◆ YOUR INSTRUCTIONS ◆
The stretch from the line with "Renata Black Court Shoe" through the line with "9Pcs Car Wheel" in the records below: write it out exactly, and nothing else.

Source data
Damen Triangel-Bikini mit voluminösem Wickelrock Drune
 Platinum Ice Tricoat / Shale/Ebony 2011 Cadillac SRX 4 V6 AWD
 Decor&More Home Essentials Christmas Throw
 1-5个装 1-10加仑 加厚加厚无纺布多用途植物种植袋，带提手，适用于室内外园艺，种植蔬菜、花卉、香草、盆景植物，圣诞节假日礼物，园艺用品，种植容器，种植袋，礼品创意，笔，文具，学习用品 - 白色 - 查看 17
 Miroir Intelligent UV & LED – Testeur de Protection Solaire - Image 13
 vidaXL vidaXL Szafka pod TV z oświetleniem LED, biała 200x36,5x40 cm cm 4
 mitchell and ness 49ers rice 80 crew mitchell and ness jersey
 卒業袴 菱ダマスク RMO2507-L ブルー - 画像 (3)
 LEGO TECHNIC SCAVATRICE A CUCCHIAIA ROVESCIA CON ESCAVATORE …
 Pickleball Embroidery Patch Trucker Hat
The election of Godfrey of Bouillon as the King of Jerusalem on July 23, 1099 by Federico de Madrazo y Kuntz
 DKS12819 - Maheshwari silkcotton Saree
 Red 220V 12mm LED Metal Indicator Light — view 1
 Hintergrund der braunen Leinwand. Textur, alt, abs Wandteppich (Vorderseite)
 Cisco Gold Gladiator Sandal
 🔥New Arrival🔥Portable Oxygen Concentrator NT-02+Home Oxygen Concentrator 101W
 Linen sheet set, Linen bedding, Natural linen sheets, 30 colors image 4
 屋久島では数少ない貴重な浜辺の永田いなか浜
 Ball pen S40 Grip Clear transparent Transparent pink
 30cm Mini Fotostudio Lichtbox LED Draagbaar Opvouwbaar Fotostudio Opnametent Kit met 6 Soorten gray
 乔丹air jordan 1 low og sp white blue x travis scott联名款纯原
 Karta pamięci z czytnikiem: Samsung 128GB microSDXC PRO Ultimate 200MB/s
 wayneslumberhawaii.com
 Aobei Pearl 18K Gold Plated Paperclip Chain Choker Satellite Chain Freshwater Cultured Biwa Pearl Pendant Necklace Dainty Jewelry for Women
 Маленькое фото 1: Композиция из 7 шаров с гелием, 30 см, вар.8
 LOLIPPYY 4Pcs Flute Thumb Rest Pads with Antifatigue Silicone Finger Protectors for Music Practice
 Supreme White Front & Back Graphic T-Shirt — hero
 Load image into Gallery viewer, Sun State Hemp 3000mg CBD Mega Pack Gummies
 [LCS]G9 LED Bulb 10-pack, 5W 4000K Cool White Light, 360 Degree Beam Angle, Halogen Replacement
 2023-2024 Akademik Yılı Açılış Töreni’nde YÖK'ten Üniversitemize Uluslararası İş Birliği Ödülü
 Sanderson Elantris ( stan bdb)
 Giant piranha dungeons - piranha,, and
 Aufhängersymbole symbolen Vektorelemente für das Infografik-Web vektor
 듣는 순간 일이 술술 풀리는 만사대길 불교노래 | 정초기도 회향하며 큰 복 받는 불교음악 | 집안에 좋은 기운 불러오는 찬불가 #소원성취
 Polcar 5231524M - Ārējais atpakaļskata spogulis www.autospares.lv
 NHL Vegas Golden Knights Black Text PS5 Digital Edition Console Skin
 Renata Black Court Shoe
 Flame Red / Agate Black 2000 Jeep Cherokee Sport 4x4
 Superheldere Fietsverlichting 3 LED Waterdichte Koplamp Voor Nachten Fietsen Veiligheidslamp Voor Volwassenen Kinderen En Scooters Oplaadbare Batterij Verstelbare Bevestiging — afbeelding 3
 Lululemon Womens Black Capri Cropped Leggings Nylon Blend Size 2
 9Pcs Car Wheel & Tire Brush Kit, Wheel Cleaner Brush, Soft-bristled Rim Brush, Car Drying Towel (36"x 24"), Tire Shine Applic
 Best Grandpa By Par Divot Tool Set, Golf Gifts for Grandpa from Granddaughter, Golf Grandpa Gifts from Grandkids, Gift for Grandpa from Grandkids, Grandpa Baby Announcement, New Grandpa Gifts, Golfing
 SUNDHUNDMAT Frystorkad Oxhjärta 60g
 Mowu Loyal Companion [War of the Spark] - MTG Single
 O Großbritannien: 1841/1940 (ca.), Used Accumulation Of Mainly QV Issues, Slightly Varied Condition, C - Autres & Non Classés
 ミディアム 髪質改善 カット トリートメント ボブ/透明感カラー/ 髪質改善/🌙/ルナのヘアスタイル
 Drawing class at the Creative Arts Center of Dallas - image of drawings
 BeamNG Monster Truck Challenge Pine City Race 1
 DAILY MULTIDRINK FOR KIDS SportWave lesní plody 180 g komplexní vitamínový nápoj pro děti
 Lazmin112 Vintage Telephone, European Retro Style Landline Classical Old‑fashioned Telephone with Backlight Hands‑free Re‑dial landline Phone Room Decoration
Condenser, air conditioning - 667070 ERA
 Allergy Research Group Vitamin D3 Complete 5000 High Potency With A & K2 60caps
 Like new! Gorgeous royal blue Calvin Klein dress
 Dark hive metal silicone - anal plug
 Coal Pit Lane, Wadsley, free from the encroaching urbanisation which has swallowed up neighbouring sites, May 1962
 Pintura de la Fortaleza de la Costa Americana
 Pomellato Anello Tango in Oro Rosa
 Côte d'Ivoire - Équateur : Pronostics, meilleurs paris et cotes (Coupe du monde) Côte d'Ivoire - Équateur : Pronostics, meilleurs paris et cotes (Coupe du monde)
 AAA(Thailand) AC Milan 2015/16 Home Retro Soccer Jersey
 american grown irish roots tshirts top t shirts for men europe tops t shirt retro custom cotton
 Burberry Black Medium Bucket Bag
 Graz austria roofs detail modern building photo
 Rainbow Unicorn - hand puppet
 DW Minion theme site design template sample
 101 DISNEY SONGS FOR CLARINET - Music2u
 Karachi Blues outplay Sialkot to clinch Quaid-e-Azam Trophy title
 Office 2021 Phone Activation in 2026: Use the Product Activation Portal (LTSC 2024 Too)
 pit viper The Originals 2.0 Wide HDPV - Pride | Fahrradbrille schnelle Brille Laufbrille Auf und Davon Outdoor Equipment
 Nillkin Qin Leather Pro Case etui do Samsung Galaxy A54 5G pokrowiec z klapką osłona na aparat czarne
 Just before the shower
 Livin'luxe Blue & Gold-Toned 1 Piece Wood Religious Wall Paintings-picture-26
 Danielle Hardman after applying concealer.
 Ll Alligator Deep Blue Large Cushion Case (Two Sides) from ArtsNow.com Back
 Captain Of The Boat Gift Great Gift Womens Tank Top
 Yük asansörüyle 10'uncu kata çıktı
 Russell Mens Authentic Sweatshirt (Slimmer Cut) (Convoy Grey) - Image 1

◆ SOLUTION FOR THIS EXERCISE ◆
 Renata Black Court Shoe
 Flame Red / Agate Black 2000 Jeep Cherokee Sport 4x4
 Superheldere Fietsverlichting 3 LED Waterdichte Koplamp Voor Nachten Fietsen Veiligheidslamp Voor Volwassenen Kinderen En Scooters Oplaadbare Batterij Verstelbare Bevestiging — afbeelding 3
 Lululemon Womens Black Capri Cropped Leggings Nylon Blend Size 2
 9Pcs Car Wheel & Tire Brush Kit, Wheel Cleaner Brush, Soft-bristled Rim Brush, Car Drying Towel (36"x 24"), Tire Shine Applic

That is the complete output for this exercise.